Il contratto in psicoterapia

 

Nel definire il mio approccio alla psicoterapia, oltre ad affermare che è integrato con focus sull’analisi transazionale, specifico che è contrattuale, il che significa che paziente e terapeuta si impegnano nel collaborare a raggiungere obiettivi concordati nella fase iniziale della terapia.

 

Eric Berne, il fondatore dell’analisi transazionale, definisce il contratto come un “esplicito impegno bilaterale per un ben definito corso d’azione”: in particolare con “esplicito” si intende “chiaro e condiviso”, per “bilaterale” che coinvolge 2 parti, per “corso d’azione” che va verso un cambiamento concreto, operazionalizzabile.

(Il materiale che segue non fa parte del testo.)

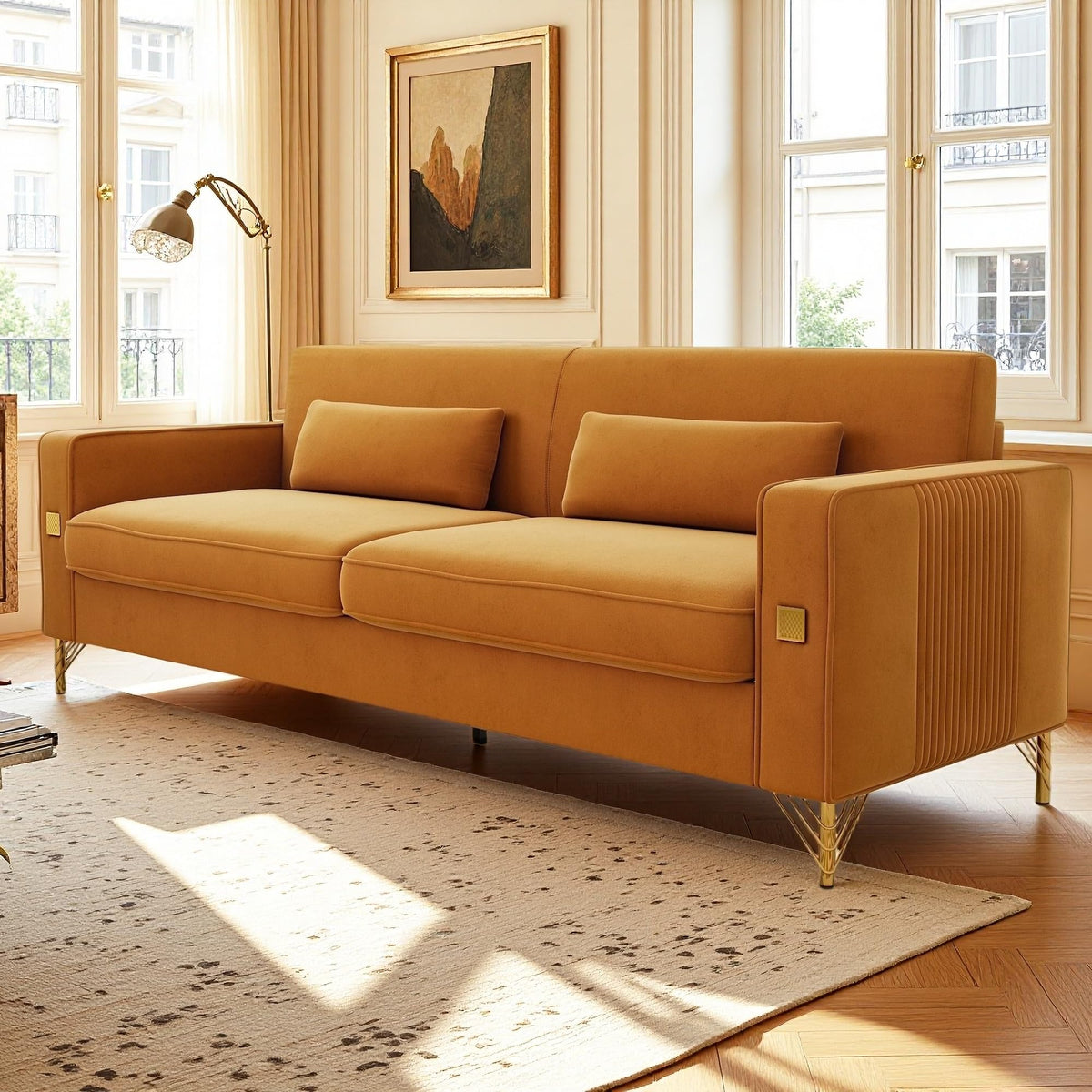 Oversized Velvet Sofa with Armrest and Removable Cushions L4710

In sostanza il contratto è un impegno adulto per cambiare se stessi.

 

Definire un contratto è importante perché:

 

  • il protagonista è il paziente, in collaborazione con il terapeuta;

  • mette confini;

  • dà direzione;

  • il paziente è responsabile del suo cambiamento.

 

Gli assunti filosofici di base da cui si deriva la necessità del contratto sono i seguenti:

 

  • la persona ha la capacità di pensare, è un soggetto attivo;

  • la persona è ok.

  • ognuno decide per sé e per la sua vita.

 

Il metodo contrattuale stabilisce una corresponsabilità, un impegno verso una direzione.

 

La persona è progettuale: affinché il “raccontarsi” della persona sia una buona narrazione, deve contenere ciò che è desiderato, ciò verso cui la persona tende. Scoprire le mete, i punti di arrivo è a cura di chi ascolta (terapeuta).

 

La definizione del contratto si colloca nella fase della pianificazione del trattamento, va quindi effettuato solo dopo un’attenta valutazione problema e un’accurata formulazione del caso. È quindi fondamentale fare prima una buona diagnosi e anche stabilire un’alleanza terapeutica.

 

Il contratto è caratterizzato dai seguenti elementi:

 

  • è un impegno esplicito

  • è un impegno condiviso

  • viene effettuato da uno Stato dell’Io Adulto

  • stabilisce cosa verrà fatto insieme

  • stabilisce quanto tempo ci vorrà

  • pone una chiarezza di confini

  • definisce il punto di arrivo della terapia.

 

 

Il contratto è valido quando:

 

  • è legale

  • c’è un consenso reciproco

  • è espresso in termini positivi

 

  • è concreto

  • è raggiungibile

  • va nella direzione di uscire dagli aspetti copionali, deve perciò essere sicuro per il cambiamento richiesto dalla persona.

  • viene fatto dall’Adulto in collaborazione con il Bambino Libero.

 

Sono invece contratti inaccettabili i seguenti:

 

      • i contratti che implicano il cambiamento di un’altra persona

      • i contratti genitoriali (“devo…”) che si basano su delle controingiunzioni (spinte genitoriali) perché per definizione sono irraggiungibili.

      • I contratti “diluiti” che non prevedono alcun cambiamento e la meta non è chiara: contengono qualificatori di non efficacia (un po’ più, un po’ meno, sentirmi meglio); sono vaghi, non chiari; contengono qualificatori di sforzo (cercare, tentare).

Il contratto viene costruito in 3 fasi:

1) chiarificazione del problema: focus sul problema e individuazione della richiesta

2) verifica della validità della richiesta

3) accordo sugli obiettivi, che devono essere positivi, specifici, osservabili, graduali.